That is clear from the definition itself but is reinforced by ss 8(4) and (5) whose purpose is to exclude certain amounts obtained by a person as a loan in certain circumstances. If loans had not been captured as “income” by the definition, there would have been no need to exclude them. For this reason, I respectfully disagree with the comment made by French J in Department of Social Security v McLaughlin[18] when he acknowledged that the concept of “income” is different for the purposes of social security law than it is for income tax law but suggested that, however wide the scope of the term ‘income”, it would not extend to a bona fide loan. I have discussed this further at [88]-[95] below. It seems to me that Parliament has chosen to extend it in that way and it cannot be fettered in its choice to do so.
[18] [1997] FCA 1456; (1997) 26 AAR 390; 48 ALD 536
If the person is a member of a couple as is Dr Mann, the amount that is excluded under
s 8(5) is “… an amount paid to or on behalf of the person under a home equity conversion agreement … to the extent that the total amount owed by the person from time to time under home equity conversion agreements does not exceed $40,000.” The expression “home equity conversion agreement” is defined in s 8(1) to mean:“… in relation to a person, means an agreement under which the repayment of an amount paid to or on behalf of the person, or the person’s partner, is secured by a mortgage of the principal home of the person or the person’s partner;
Note: see also subsection (7).”
It was said by the Tribunal in McDicken that this definition:
“…is sufficiently wide to cover any loan agreement under which the repayment of the loan is secured by a mortgage on the principal home of a person or the person’s partner. This could, for example, include a business loan … “[19]
[19][1999] AATA 169 at [26] The extended passage is reproduced at [121] below.
While I agree that the definition is broadly drafted and could well include a loan obtained for a business purpose, I do not see the relevance of raising that as an issue.
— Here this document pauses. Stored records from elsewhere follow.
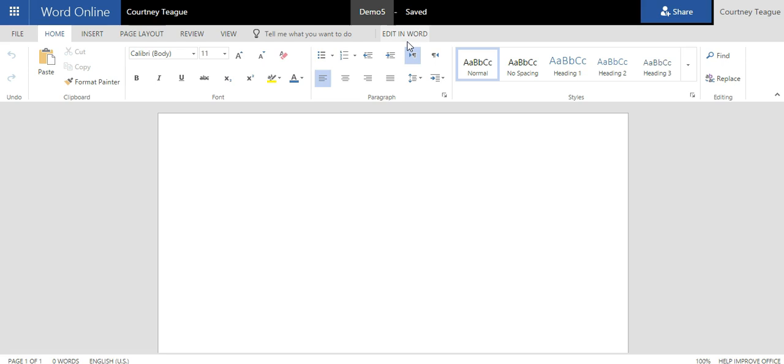Whatever you work on in the desktop version, even though you're working on the desktop version, you created the document in the cloud, so it will sync.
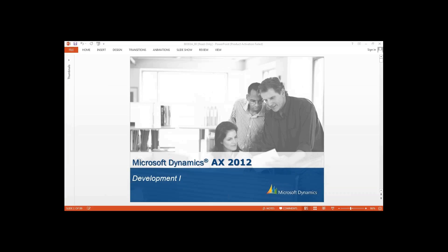Today we are going to start with our Microsoft Dynamics AX 2012 Development 1. In Microsoft Dynamics AX, we have four courses: Development 1, Development 2, 3 and 4. But today we are going to start with Development 1.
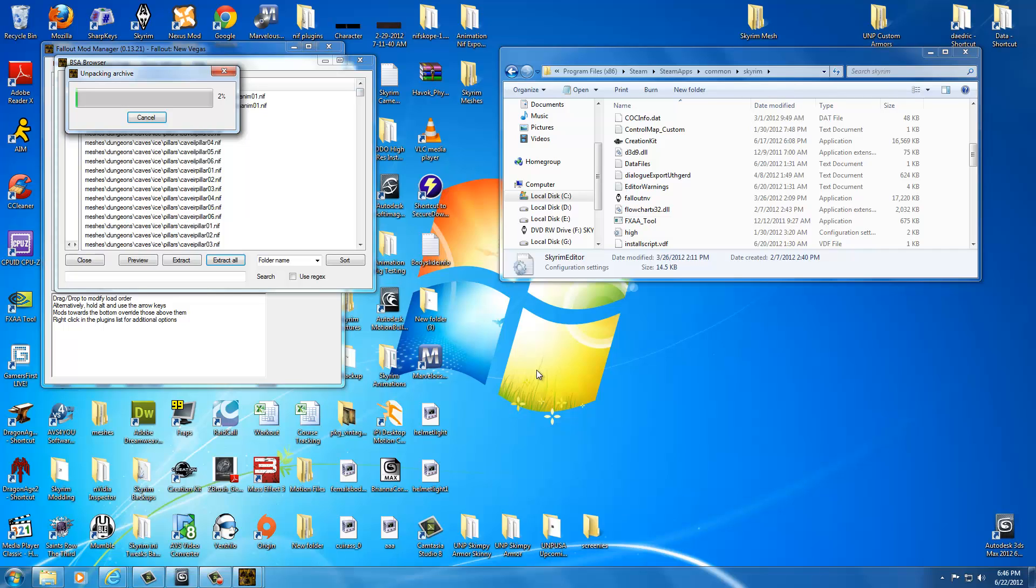Now it's going to unpack the archive. This may take a minute. So you've got to wait for it to go through the whole process.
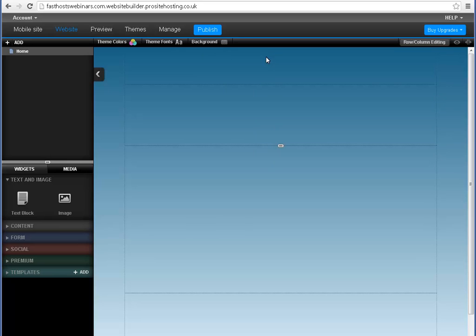Remember, you can always change your background at a later time, so it's a good idea to have a bit of a play around and see what works for your website.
The provisions in the SS Act relating to home equity conversion agreements are not directed to the reasons why a person entered them just as the income and asset provisions are not concerned with how the income and assets came to be in the person’s hands. They are concerned with the fact that the agreement has been entered and that the income and assets are in those hands. Equally, the provisions relating to home equity conversion agreements, including the definition, are not concerned with how or when the amount is to be repaid or the terms on which it is to be repaid. The expression “home equity conversion agreement” is not defined in those terms and there is no basis for reading them in when they have been omitted.
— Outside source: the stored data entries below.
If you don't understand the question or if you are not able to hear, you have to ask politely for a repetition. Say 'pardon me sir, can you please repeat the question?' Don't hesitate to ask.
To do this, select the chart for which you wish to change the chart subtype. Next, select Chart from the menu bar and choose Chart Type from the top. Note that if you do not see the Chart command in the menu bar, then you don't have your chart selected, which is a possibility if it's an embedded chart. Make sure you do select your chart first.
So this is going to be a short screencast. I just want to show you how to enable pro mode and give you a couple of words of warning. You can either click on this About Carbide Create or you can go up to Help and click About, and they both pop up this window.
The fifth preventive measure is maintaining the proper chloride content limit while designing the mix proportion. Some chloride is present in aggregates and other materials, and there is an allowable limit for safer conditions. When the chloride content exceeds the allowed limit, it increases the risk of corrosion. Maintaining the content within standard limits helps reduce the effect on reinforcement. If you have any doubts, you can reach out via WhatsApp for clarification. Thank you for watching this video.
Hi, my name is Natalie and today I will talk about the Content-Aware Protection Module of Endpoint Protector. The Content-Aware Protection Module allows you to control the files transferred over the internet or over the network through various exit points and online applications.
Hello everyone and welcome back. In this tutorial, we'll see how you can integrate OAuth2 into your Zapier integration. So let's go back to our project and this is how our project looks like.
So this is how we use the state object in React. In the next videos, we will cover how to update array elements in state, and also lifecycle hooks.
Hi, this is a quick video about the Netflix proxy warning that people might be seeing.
The definition has to be read in light of s 8(7). That means that the amount paid to or on behalf of the person is secured by a mortgage of the principal home being a home in which the person, or the person’s partner, “… has a beneficial interest …” (emphasis added). This very much suggests that the principal home used as security is already the principal home of the person or the person’s partner before it becomes subject to a mortgage. It does not suggest that the loan is obtained in order to acquire a beneficial interest in the person’s principal home. Therefore, a loan agreement under which the person directs the money to be paid to the vendor of the property he or she is purchasing does not sit comfortably with the definition of a “home equity conversion agreement” when that definition and the qualification in s 8(7) are read together as they must be read.
This seems to me to be the ordinary meaning of ss 8(1), (5) and (7) but, relying on s 15AB(1)(a) of the Acts Interpretation Act 1901 (AI Act), I have looked at the relevant material beyond the words of the SS Act. The first is the Explanatory Memorandum accompanying the Social Security Bill 1990, which was to be enacted as the SS Act. It says of the definition:
“‘Home equity conversion agreement’ would be an agreement under which a person or his or her partner has offered the mortgage of his or her ‘principal home’ (as defined in clauses 11 and 8(7)) as security for the repayment of an amount paid to or on behalf of the person or partner. …”
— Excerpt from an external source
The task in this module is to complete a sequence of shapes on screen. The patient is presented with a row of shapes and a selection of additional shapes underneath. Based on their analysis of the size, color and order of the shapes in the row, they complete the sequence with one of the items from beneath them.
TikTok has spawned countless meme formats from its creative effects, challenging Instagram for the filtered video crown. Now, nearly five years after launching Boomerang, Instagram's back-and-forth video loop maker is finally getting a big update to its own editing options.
Offering a mortgage on a principal home suggests that the principal home is a home in which the person already has a beneficial interest but it is no more than a suggestion. It must be remembered, though, that the SS Act is a redrafting, in what was intended to be plain English, of the social security law.[20] The Explanatory Memorandum was written in that light rather than as an explanation of the object or policy underpinning the provision. For that, reference has to be made to the Explanatory Memorandum that accompanied the Social Security and Veterans’ Affairs Legislation Amendment (No 4) Act 1989 (SSVAL Act). Section 21(a) inserted two additional exemptions to the definition of “income” in s 3(1) of the then Social Security Act 1947. One related to unmarried persons and the other to those who are married. Both are in similar terms but I will set out the latter for it is relevant in the context of a person who is a member of a couple. It excluded from the definition of “income”:
“in the case of a married person – an amount or amounts paid to or on behalf of the person or his or her spouse on or after 1 November 1989 under an agreement under which repayment of the amount is secured by a mortgage of the principal home of the person or the spouse, to the extent that the total amount owed by the person and the spouse from time to time under such agreements does not exceed $40,000;”
[20] See the Second Reading Speech in relation to the Social Security Bill 1990 by the then Minister for Community Services and Health: Hansard, House of Representatives, 6 December 1990 at 4641.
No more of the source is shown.